Ucraina: la Germania valuta invio di truppe


Cresce il timore per la ripresa dei combattimenti in Ucraina dove separatisti e governativi continuano a fronteggiarsi soprattutto nei dintorni dell’aeroporto di Donetsk. Intanto, secondo la stampa tedesca, nel quadro dell’Osce, la Germania sarebbe pronta ad inviare truppe nella zona Est del Paese per monitorare la tregua. Il governo di Berlino, però, precisa che per il momento sono in corso valutazioni assieme alla Francia. Eugenio Bonanata ne ha parlato con Fabrizio Dragosei corrispondente a Mosca per "Il Corriere della Sera": 

R. – Diventa quasi una necessità visto che la tregua viene rispettata solo parzialmente. Sul terreno oggi ci sono osservatori dell’Osce, l’Organizzazione europea per la cooperazione e la sicurezza, che dovrebbero monitorare questa tregua anche con l’aiuto di droni. Il numero degli osservatori sarà raddoppiato entro fine anno, ma sicuramente non sono abbastanza. La Germania manderebbe 200 soldati - anche loro sono sicuramente pochi – che probabilmente saranno affiancati da altrettanti uomini dell’esercito francese e forse anche da militari di altre nazioni. Alla fine andranno a costituire una forza di interposizione. Poi vedremo quanto questo influirà sul futuro del Paese, perché tutto ciò dovrebbe avvenire in attesa della definizione di un piano di pace permanente, ma sappiamo bene che queste situazioni provvisorie – com’è successo in altre parti dell’Europa orientale – finiscono per diventare “provvisoriamente permanenti”.

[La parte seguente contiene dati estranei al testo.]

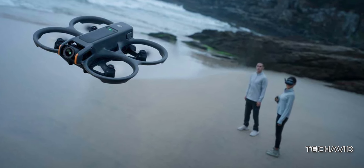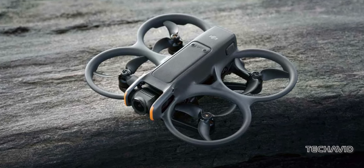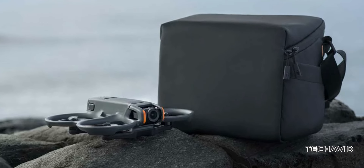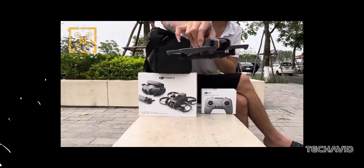Let's get straight to the heart of the matter. DJI's unveiling of the Avatar 2 on April 11th might be imminent, but that hasn't stopped a barrage of leaks from flooding the internet. Just last month, a grainy video surfaced showcasing the drone being unboxed in public.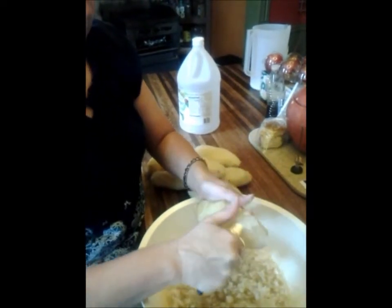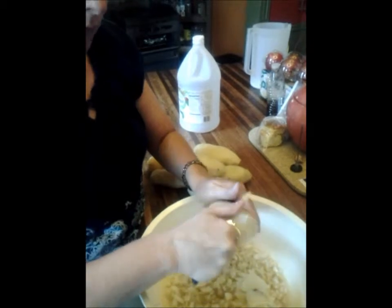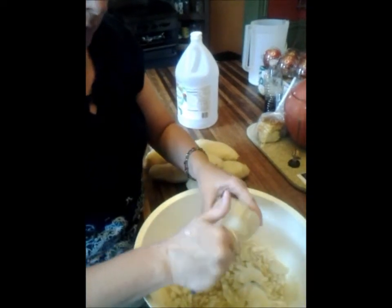You don't want it too big, you don't want it too little, because when you mix all the other ingredients, what's going to happen is it's going to turn to mush if it's too small. So you're just going to chip it like this.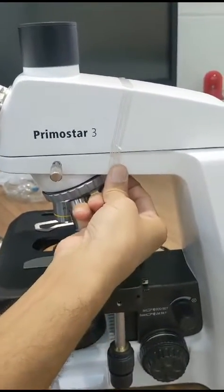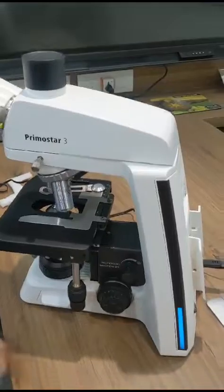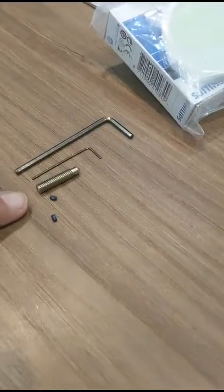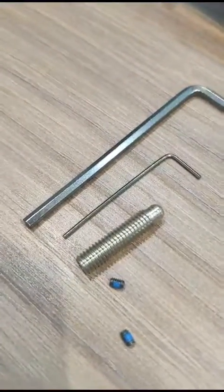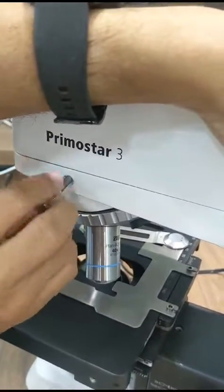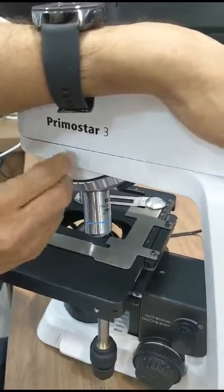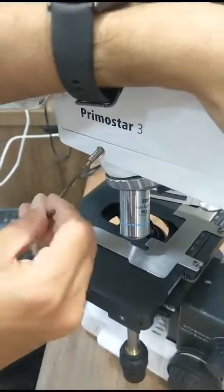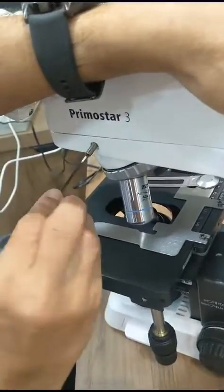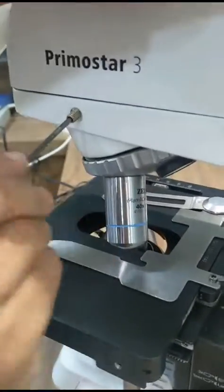We will now fix the trinocular tube. Remove the transit packing tape. We have a grub screw supplied here — this is for the stability of the trinocular tube. Remove the knurl screw and put the grub screw in its place so that you get stability and there is no accidental removal. Turn it until it locks.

D. – La zona continua ad essere teatro di scontri, con attacchi anche contro strutture umanitarie. C’è il rischio di un ritorno a combattimenti su vasta scala?

R. – Le forze di pace riusciranno, forse, a stabilizzare la situazione e certamente, se non ci saranno svolte clamorose sul piano politico – ma io francamente, vista la situazione, non le prevedo affatto – questo vuol dire un congelamento della situazione attuale: il Sudest dell’Ucraina, la zona attorno al Donbass – per capirci bene Luhansk o Lugansk in russo – e Donetsk rimangono separate dal resto del Paese. Rimangono in una specie di limbo: sono formalmente ancora parte dell’Ucraina, ma in realtà il governo di Kiev non ha più alcun potere lì. Saranno zone amministrate dai ribelli esattamente com’è avvenuto in Ossezia del Sud dopo la guerra civile dei primi anni Novanta; esattamente com’è accaduto in Abkhazia, sempre dopo la guerra civile georgiana di quegli stessi anni; esattamente com’è avvenuto nella Transnistria, la zona separata dalla Moldavia, che si trova tra la Moldavia e l’Ucraina e che è un’enclave russa che da allora continua a vivere autonomamente.

D. – Se questo scenario venisse confermato, quale sarebbe il risultato politico della crisi ucraina?

R. – Il risultato politico sarà il fatto che la Russia ha ottenuto alla fine, grazie anche – devo dire – all’aiuto dei Paesi occidentali e soprattutto degli Stati Uniti, che si sono mossi in maniera veramente direi poco accorta in questa crisi e sicuramente molto poco diplomatica, il suo scopo minimo ma che era anche lo scopo massimo: il Sudest del’Ucraina è separato dal resto del Paese; l’Ucraina è un Paese spaccato in due e quindi qualsiasi ipotesi di futuri ingressi dell’Ucraina nella Nato tramonta; qualsiasi ipotesi di futuri ingressi dell’Ucraina nell’Unione Europea sono da dimenticare. Rimarrà un Paese cuscinetto, come in realtà era all’origine e come doveva forse essere se i ministri degli esteri dei governi interessati avessero fatto bene il loro lavoro: quindi un cuscinetto e speriamo magari anche un ponte di unione tra la Russia e l’Europa, perché ricordiamo che l’Ucraina ha comunque interessi economici molto forti sia ad Est che ad Ovest: ha rapporti di scambio commerciali molto importanti con l’Unione Europea e ha scambi altrettanto importanti con la Russia che – ricordiamo – come minimo fornisce il gas e questo non è un particolare trascurabile.